What to work on » Your output must hold every entry exactly as written and none of the pictures.

[Opening Data provided section]

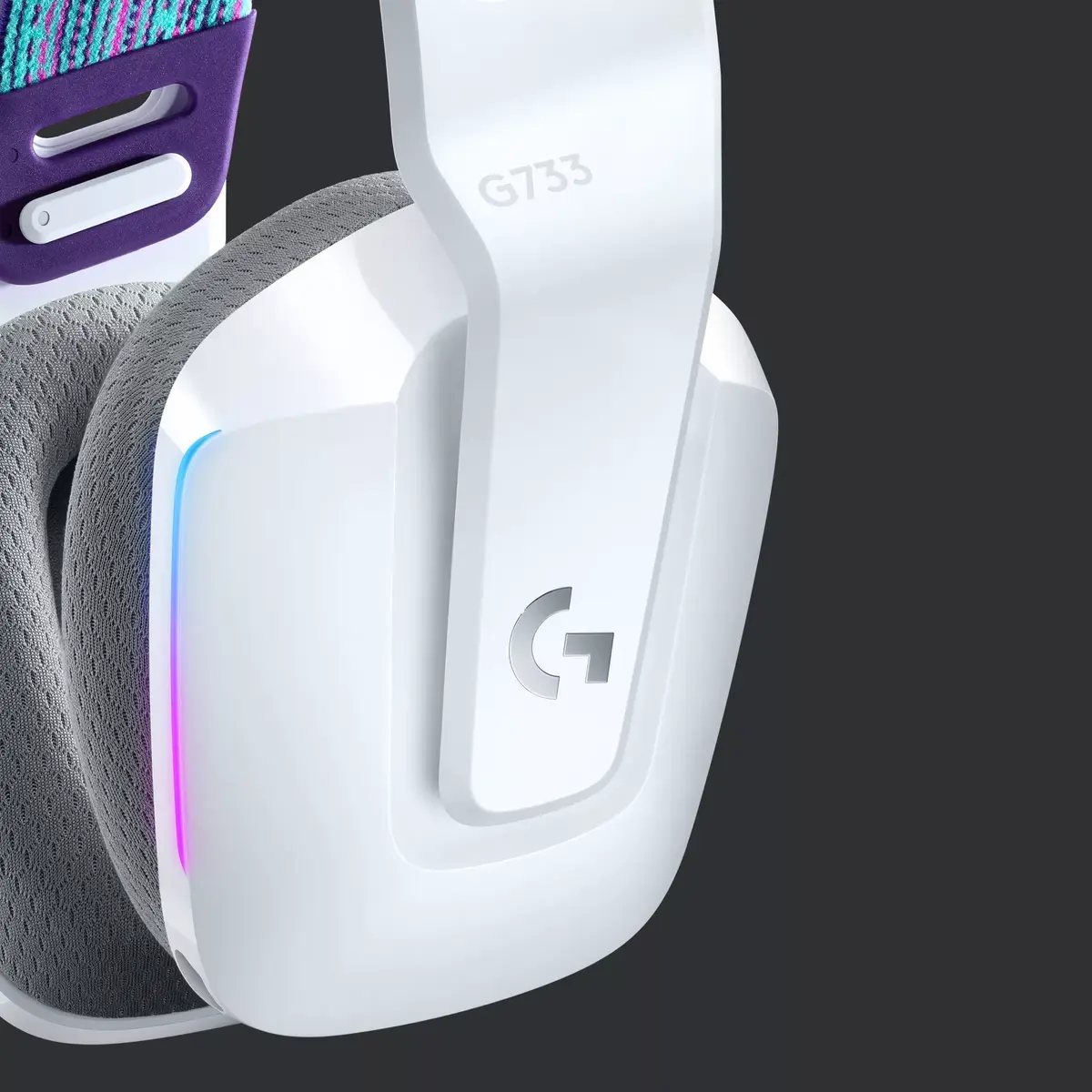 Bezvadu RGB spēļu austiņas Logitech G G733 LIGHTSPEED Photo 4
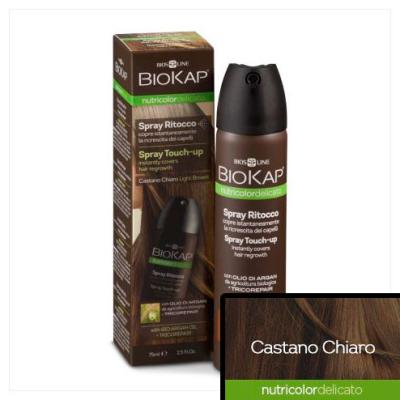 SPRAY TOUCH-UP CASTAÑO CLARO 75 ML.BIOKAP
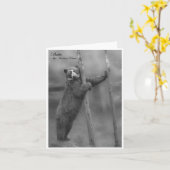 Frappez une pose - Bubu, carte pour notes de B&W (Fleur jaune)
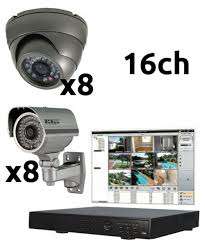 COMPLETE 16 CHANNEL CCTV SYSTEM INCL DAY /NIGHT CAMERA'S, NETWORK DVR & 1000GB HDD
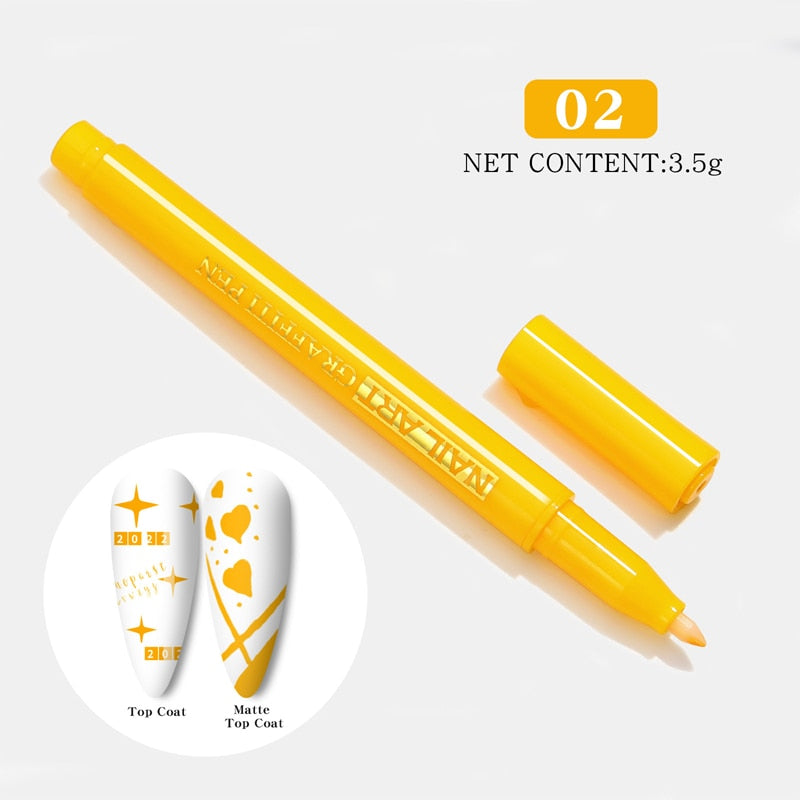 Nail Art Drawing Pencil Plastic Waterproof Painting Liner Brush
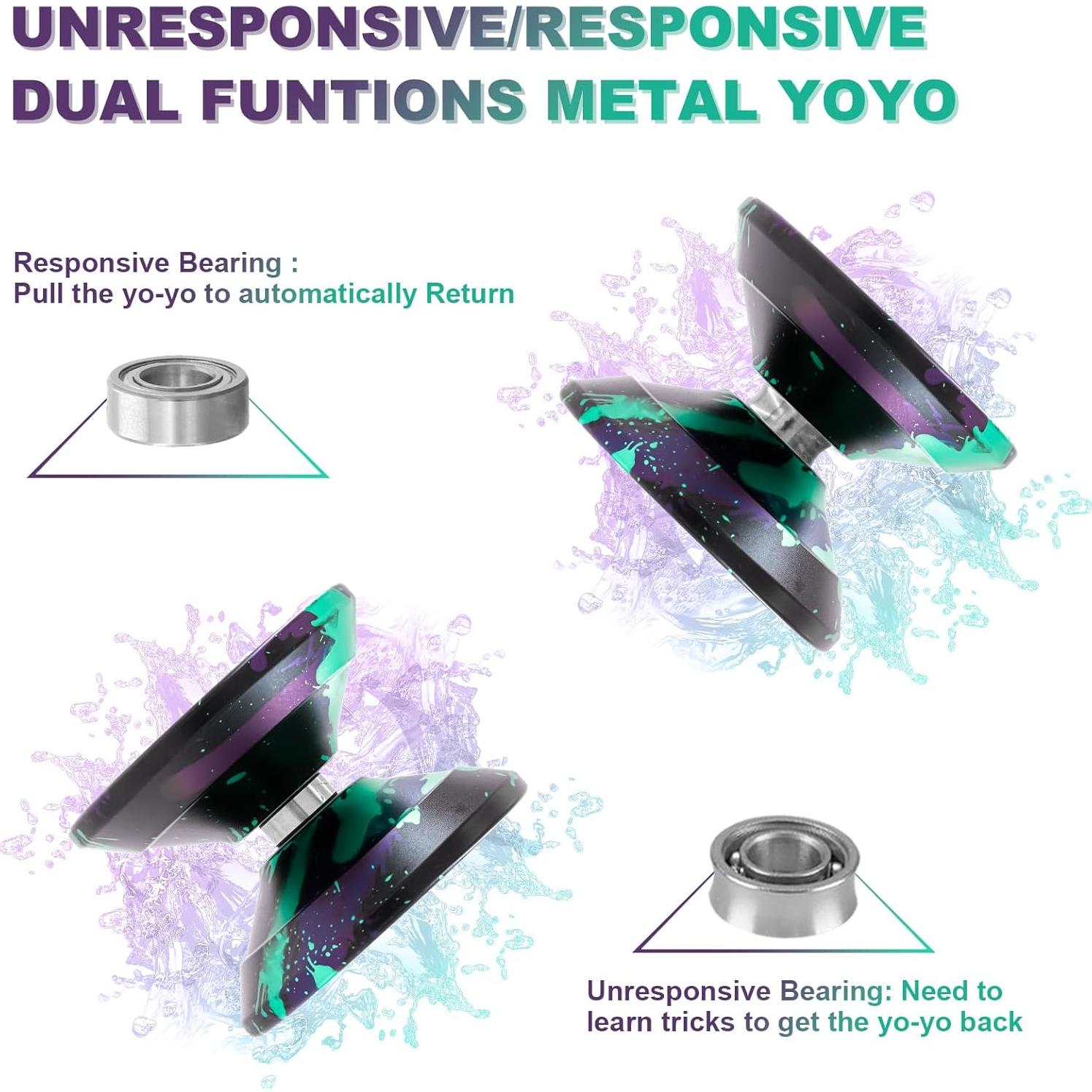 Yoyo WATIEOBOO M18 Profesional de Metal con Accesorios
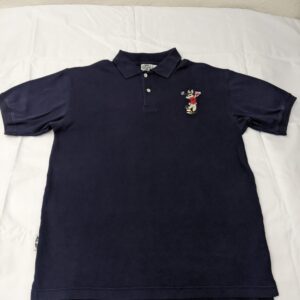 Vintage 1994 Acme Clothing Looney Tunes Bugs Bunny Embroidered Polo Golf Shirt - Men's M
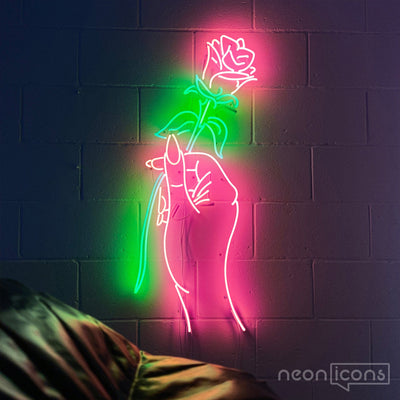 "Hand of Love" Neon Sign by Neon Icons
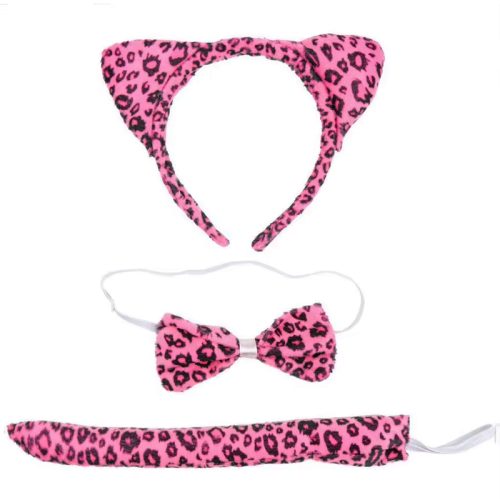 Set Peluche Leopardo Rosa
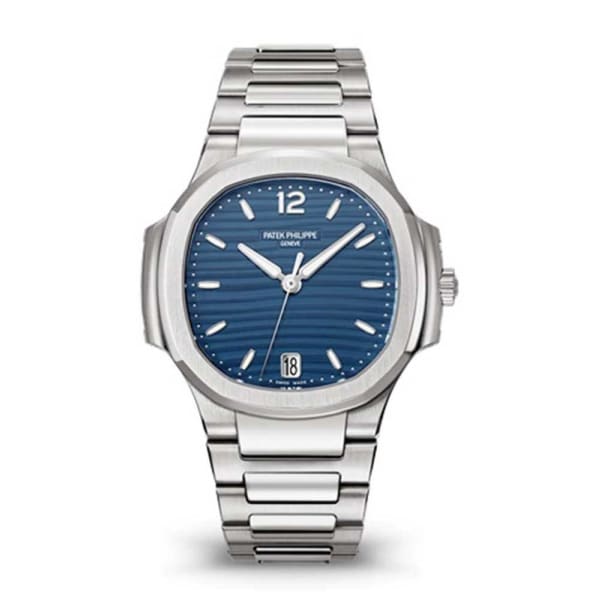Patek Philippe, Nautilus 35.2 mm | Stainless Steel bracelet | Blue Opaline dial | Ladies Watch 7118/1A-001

[Closing Data provided section]

Written answer »
 Bezvadu RGB spēļu austiņas Logitech G G733 LIGHTSPEED Photo 4
 SPRAY TOUCH-UP CASTAÑO CLARO 75 ML.BIOKAP
 Frappez une pose - Bubu, carte pour notes de B&W (Fleur jaune)
 COMPLETE 16 CHANNEL CCTV SYSTEM INCL DAY /NIGHT CAMERA'S, NETWORK DVR & 1000GB HDD
 Nail Art Drawing Pencil Plastic Waterproof Painting Liner Brush
 Yoyo WATIEOBOO M18 Profesional de Metal con Accesorios
 Vintage 1994 Acme Clothing Looney Tunes Bugs Bunny Embroidered Polo Golf Shirt - Men's M
 "Hand of Love" Neon Sign by Neon Icons
 Set Peluche Leopardo Rosa
Patek Philippe, Nautilus 35.2 mm | Stainless Steel bracelet | Blue Opaline dial | Ladies Watch 7118/1A-001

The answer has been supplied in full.